Should we care about evidence-based software engineering?

test

evidence

software

theory

Published

April 22, 2010

Time for some contrariness. The current rage in the academic software research community is evidence-based practice. It’s in popular magazines, desirable in academic publications, and the subject of a new book.

Does it matter? On the face, one would say of course. Why would you make decisions ignorant of the facts? (set aside for now the reality that almost NO decisions in the world are made based on the facts!)

It would be nice if software researchers were in a position to present facts to people. In climate science, for example, the facts are pretty clear, and certainly much clearer than corresponding literature in software. That’s why Al Gore, among others, probably sees debates on climate change as pointless. But the utility of model-driven development, among many others, is very much worth debating.
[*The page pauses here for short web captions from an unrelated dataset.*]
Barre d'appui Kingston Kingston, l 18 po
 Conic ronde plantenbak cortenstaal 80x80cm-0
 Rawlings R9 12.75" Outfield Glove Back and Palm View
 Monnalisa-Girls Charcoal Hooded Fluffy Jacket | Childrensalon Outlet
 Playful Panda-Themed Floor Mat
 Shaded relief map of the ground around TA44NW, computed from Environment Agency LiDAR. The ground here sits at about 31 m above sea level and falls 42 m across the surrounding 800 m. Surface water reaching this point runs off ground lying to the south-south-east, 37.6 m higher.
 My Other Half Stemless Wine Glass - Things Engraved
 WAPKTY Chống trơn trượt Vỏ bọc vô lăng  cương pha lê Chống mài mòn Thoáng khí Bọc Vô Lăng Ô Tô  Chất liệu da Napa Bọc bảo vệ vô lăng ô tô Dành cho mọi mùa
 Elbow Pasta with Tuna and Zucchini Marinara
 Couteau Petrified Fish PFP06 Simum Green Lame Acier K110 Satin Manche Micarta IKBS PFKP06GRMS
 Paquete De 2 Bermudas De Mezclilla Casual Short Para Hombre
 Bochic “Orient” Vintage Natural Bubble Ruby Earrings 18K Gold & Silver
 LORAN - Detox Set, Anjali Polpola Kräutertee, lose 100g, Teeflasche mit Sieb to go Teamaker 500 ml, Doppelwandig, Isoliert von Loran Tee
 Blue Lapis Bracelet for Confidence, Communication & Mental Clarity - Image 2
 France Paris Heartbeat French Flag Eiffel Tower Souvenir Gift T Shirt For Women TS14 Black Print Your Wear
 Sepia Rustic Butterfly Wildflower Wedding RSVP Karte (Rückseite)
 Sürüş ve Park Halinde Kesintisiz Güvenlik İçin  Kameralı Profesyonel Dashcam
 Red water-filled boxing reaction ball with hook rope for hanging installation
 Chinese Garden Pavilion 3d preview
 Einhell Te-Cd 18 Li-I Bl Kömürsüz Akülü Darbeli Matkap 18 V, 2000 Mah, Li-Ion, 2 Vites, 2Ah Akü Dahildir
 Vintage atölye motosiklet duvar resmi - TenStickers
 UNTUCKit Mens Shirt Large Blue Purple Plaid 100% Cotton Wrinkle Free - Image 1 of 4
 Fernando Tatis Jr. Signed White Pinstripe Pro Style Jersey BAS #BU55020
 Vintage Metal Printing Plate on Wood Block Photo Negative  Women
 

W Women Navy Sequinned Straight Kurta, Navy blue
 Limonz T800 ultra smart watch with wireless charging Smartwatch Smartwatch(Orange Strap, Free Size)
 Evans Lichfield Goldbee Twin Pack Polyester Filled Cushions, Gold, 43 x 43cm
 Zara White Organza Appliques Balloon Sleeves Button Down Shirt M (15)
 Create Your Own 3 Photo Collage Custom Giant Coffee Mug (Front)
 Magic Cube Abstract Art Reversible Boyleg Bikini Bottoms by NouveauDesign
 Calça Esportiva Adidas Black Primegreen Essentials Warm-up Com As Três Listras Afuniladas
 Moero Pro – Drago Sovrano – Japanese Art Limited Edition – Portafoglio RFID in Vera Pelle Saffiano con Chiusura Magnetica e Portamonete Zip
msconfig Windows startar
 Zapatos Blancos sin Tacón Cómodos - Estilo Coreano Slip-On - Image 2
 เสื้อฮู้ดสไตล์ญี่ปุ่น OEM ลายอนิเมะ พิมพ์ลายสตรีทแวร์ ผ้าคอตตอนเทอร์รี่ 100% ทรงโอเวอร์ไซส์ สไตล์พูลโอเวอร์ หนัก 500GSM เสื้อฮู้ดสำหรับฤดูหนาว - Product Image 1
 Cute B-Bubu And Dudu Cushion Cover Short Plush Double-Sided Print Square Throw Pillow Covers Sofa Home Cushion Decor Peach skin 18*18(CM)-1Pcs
I think there are five reasons why we shouldn’t be too concerned about evidence in software development:

The field with a long history of evidence-based practice, and the most to gain from it, medicine, often doesn’t adopt the recommended practices, or the evidence chosen is irrelevant. Despitehand-washing or checklists being shown (proven?) to be very cost-effective practices to adopt, doctors still leave washrooms without cleaning their hands, and instruments still get left in patients. And in most software projects, there isn’t anything like that sort of liability.
People don’t understand statistical generalization very well. Is that new pill reducing my risk of heart disease 20% more than the other pill, or 20% more than a regimen of Big Macs? Was this experiment done with non-English speakers? There’s a lot more to it than running a few t-tests and calling it a day. See e.g. “Why most published research findings are false” or a series of critiques on fMRI studies.
Small results don’t say much. A lot of research is evaluated on small numbers of undergrads or focused on one particular organization (pdf). That evidence is useless to most developers. There is a paucity of in-depth, detailed case studies that generalize to meaningful theories. Personally I am in favour of a moratorium on experimentation in software research until more of these case studies are done. Unfortunately, the lure of the easy number is a Siren-call to reviewers and funding agencies.
SEMAT to the contrary, there is no good body of software theory that would provide explanatory power to go along with results. Without a theory facts are descriptive; with a theory they can be predictive.
It simply isn’t that important. Individuals and organizations do many things which research suggests is downright insane – like embarking on projects without clear requirements, or maintaining 30 year old mainframes – and get by. In fact, anecdotal evidence suggests that many excellent companiesstarted with poor practices, then refactored as needed. Probably, this is because evidence-based software development is a case of premature optimization. For example, despite reams of studies suggesting model-driven development is the way of the future, industrial adoption is underwhelming. Is it because they haven’t read the studies? Or that they evaluated the technology and concluded it wasn’t necessary? As academics, we tend to undervalue the benefit of anecdote and gut feelings. Most of the time this is probably correct, but only if we have evidence to support generalization to common scenarios. Most developers were so burned by the CASE tools of the 1980s that they have no interest in repeating the experience with UML.

I think my final point is that rationality is the exception, rather than the rule, in human behaviour. There’s no reason to lose any much sleep over the fact that industry isn’t following evidence-based software practices.

p.s. I’m a complete hypocrite with respect to experimentation.